Dechert Georgia, through the contribution of partners Archil Giorgadze and Nicola Mariani, joined by senior associates Ruslan Akhalaia and Irakli Sokolovski, as well as Ana Kostava and Ana Kochiashvili, is partnering with Georgia Today on a regular section of the paper which will provide updated information regarding significant legal changes and developments in Georgia. In particular, we will highlight significant issues which may impact businesses operating in Georgia.

The Setting Aside of the “Yukos Award” by The Hague District Court

The biggest story of the month in the global legal and business world was an unexpected judgement issued by The Hague District Court (the “Court”) on 20 April 2016 (the “Judgement”), which set aside the award issued by the Permanent Court of Arbitration (“PCA”) in The Hague on 18 July 2014 to the benefit of Yukos shareholders (the “Award”).
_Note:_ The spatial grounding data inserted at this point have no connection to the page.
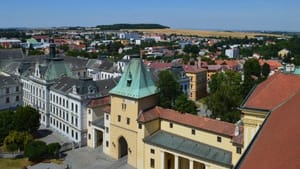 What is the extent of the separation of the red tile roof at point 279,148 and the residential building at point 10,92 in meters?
71.0

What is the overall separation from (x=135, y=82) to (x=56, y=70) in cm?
2845

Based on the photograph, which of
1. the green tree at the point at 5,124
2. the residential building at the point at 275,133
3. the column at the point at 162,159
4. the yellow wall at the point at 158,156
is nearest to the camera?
the residential building at the point at 275,133

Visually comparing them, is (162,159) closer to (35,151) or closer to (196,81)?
(35,151)

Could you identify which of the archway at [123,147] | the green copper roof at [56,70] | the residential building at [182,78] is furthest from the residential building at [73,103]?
the residential building at [182,78]

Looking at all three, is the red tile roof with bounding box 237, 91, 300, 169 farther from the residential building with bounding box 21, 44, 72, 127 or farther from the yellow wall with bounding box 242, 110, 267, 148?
the residential building with bounding box 21, 44, 72, 127

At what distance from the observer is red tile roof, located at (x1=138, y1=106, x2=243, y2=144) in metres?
41.8

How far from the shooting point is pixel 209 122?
43688 mm

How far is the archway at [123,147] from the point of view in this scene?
5288 centimetres

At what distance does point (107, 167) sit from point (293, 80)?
91.6 feet

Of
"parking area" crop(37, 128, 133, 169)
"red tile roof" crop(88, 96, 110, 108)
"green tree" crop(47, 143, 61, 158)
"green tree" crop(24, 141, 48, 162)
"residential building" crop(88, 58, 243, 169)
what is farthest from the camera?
"red tile roof" crop(88, 96, 110, 108)

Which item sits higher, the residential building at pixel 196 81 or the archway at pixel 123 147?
the residential building at pixel 196 81

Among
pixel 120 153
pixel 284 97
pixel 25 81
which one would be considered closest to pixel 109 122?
pixel 120 153

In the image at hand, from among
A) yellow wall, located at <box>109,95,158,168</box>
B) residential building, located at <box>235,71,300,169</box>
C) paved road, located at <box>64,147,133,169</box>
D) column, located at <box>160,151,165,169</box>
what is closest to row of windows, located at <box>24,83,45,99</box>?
paved road, located at <box>64,147,133,169</box>

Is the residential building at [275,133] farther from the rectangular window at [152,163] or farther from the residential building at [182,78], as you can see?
the residential building at [182,78] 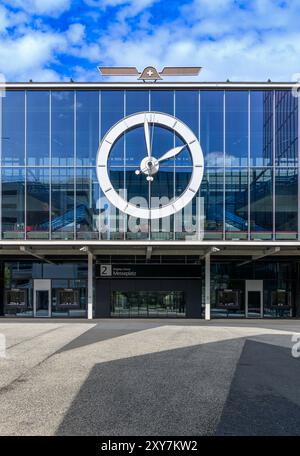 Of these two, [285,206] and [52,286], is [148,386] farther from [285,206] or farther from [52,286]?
[52,286]

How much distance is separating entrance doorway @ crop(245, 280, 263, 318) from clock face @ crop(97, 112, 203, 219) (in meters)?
8.41

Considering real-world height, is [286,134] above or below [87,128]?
below

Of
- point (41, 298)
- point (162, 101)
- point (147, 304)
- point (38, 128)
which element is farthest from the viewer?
point (41, 298)

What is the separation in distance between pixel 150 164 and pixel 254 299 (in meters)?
11.8

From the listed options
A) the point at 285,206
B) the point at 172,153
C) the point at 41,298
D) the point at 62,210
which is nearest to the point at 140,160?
the point at 172,153

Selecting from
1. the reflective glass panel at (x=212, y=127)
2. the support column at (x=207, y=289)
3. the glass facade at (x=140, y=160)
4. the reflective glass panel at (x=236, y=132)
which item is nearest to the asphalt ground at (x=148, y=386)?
the glass facade at (x=140, y=160)

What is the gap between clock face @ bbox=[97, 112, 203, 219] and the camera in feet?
84.1

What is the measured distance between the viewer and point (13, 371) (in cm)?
1134

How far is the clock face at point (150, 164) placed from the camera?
84.1ft

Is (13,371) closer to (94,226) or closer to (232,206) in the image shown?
(94,226)

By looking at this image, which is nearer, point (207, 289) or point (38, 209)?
point (38, 209)

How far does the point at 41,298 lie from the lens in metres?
29.5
The award itself, crowning ten years of arbitral proceedings, is unprecedented in the sphere of international investment law, primarily due to its amount. The Russian Federation was ordered to pay more than USD 50 billion to former shareholders of Yukos, which was at one time the largest oil company in Russia. This week’s edition of OnPoint provides a brief overview of the “Yukos Saga,” as it is commonly known in the legal field, with reference to key facts, legal issues and potential future developments.

I. Dismantling Yukos and Khodorkovsky’s arrest

Yukos was a leading joint stock company in Russia in the oil and gas sector, listed as one of the world’s top ten companies in the sector in 2002. In 2003, the Russian state launched tax and fraud proceedings against Yukos and Mikhail Khodorkovsky, then the company’s largest ultimate beneficial shareholder. Khodorkovsky was sentenced to serve a ten-year sentence in Siberia before being pardoned by Putin in 2013. Yukos was declared bankrupt in August 2006 and its assets were nationalized by state-owned companies Rosneft and Gazprom.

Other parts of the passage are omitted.